W lustrzankach światło wpadające przez obiektyw pada na lustro odbijające je w stronę wizjera. W chwili wyzwolenia migawki lustro odskakuje w górę, a światło trafia na znajdującą się za nim matrycę. Cały mechanizm jest ciężki i skomplikowany. Pozbawione lustra aparaty systemowe mogą być mniejsze, lżejsze i prostsze konstrukcyjnie.
2. PLUSY I MINUSY
Bezlusterkowce mają mniejsze korpusy i obiektywy. Jednocześnie dostępne są adaptery umożliwiające łączenie ich z optyką lustrzanek, gdyż wybór dedykowanych obiektywów jest jeszcze bardzo ograniczony – brakuje zwłaszcza jasnych teleobiektywów i obiektywów szerokokątnych. Bezlusterkowce mają też często wolniej działający autofokus.
3. ROZMIAR MA ZNACZENIE
Im większa matryca, tym niższy poziom szumu, zwłaszcza przy wysokiej czułości, i tym większe możliwości regulacji głębi ostrości. W wielu aparatach systemowych stosowane są matryce formatu APS-C, powszechne w cyfrowych lustrzankach.

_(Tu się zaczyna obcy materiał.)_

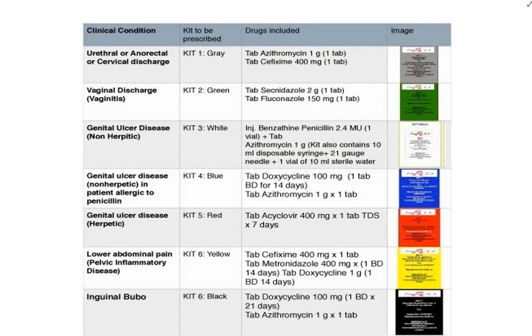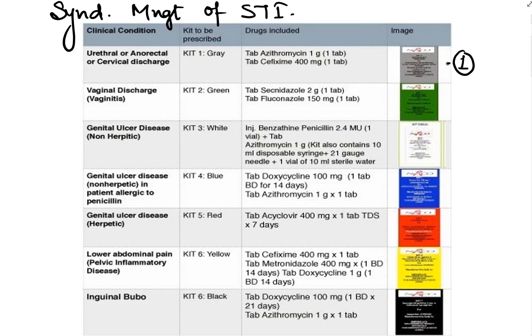Hello friends. Today we will be discussing syndromic management of sexually transmitted infections. These are the NARCO kits available for treating STI patients, and they have color coding. The first kit is gray in color.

Najmniejsze – w systemach Nikon 1 i Pentax Q – są tylko trochę większe od matryc aparatów kompaktowych. Pomijając bajońsko drogą Leicę M, na rynku nie ma pełnoformatowych bezlusterkowców.
4. RZADKIE DOBRO
Bagnety bezlusterkowców są mniejsze od tych w lustrzankach, a dedykowane obiektywy są nieliczne i drogie. Ratunek stanowią adaptery pozwalające korzystać z nowych i używanych lustrzankowych obiektywów z bagnetami Nikon F czy Pentax K.
5. PIONIERSKI SYSTEM
Pierwszy bezlusterkowiec – Panasonic Lumix G1 – pojawił się w 2008 roku. To aparat systemu Micro 4/3 rozwijanego przez Panasonica i Olympusa. Matryce formatu Micro 4/3 są o połowę mniejsze od sensorów APS-C, dzięki czemu aparaty mogą być mniejsze od lustrzanek, ale jakość zdjęć jest z reguły nieco niższa.

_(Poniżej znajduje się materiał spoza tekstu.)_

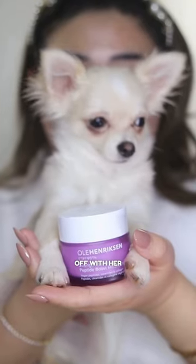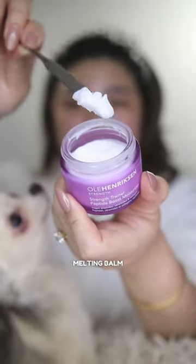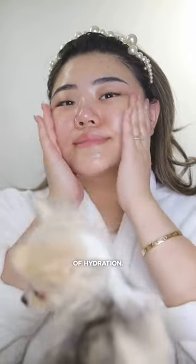Mommy finishes off with her absolute favorite Peptide Boost Moisturizer from Ole Henriksen. It's like a melting bomb that turns into a silky gel, giving her skin a big bear hug of hydration.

6. KONKURENCJA DLA LUSTRZANEK
Kiedy pierwsze bezlusterkowce zdobyły zainteresowanie klientów, do grona producentów dołączyły firmy Sony, Samsung i Fuji. Ich aparaty są wyposażone w matryce APS-C, dzięki czemu teoretycznie oferują wyższą jakość zdjęć od modeli systemu Micro 4/3. Sony NEX-7 czy Fuji X-E1 nie ustępują pod tym względem półprofesjonalnym lustrzankom.
7. KRÓL WCHODZI DO GRY
Canon zwlekał z wejściem na rynek bezlusterkowców, nie chcąc robić konkurencji własnym lustrzankom. Pierwszy model EOS M z bagnetem EF-M pojawił się dopiero ubiegłej jesieni, ale już dziś widać, że nowy system ma duży potencjał. Szkoda tylko, że na rynku są jedynie dwa dedykowane obiektywy, a adapter do bagnetu EF kosztuje 600 zł.
8. DLA KONESERÓW
Wśród bezlusterkowców tylko Leica M dysponuje pełnoformatową matrycą – i kosztuje kilkakrotnie więcej od kuzynów z matrycami APS-C. Ten niszowy aparat nie ma stabilizatora obrazu ani autofokusa, za to robi bardzo ostre zdjęcia.
9. MIKRUSY I OLBRZYM
Bezlusterkowce Nikona i Pentaksa są na drugim końcu skali wielkości. Ich matryce są niewiele większe od tych w kompaktach. Co ciekawe, obok małych bezlusterkowców systemu Q, Pentax oferuje nietypowy model K-01. To jedyny aparat fotograficzny Nikon – systemowy z bagnetem stosowanym również w lustrzankach (Pentax K), co daje dostęp do ogromnej oferty obiektywów.
10. KOMPAKTOWE ALTERNATYWY
Rozglądając się za bezlusterkowcem, warto rozważyć zakup kompaktu z segmentu premium. Aparaty takie jak Canon G1 X, Panasonic LX7 czy Sony RX100 są jeszcze mniejsze, zapewniają wysoką jakość i mają dopracowane układy optyczne.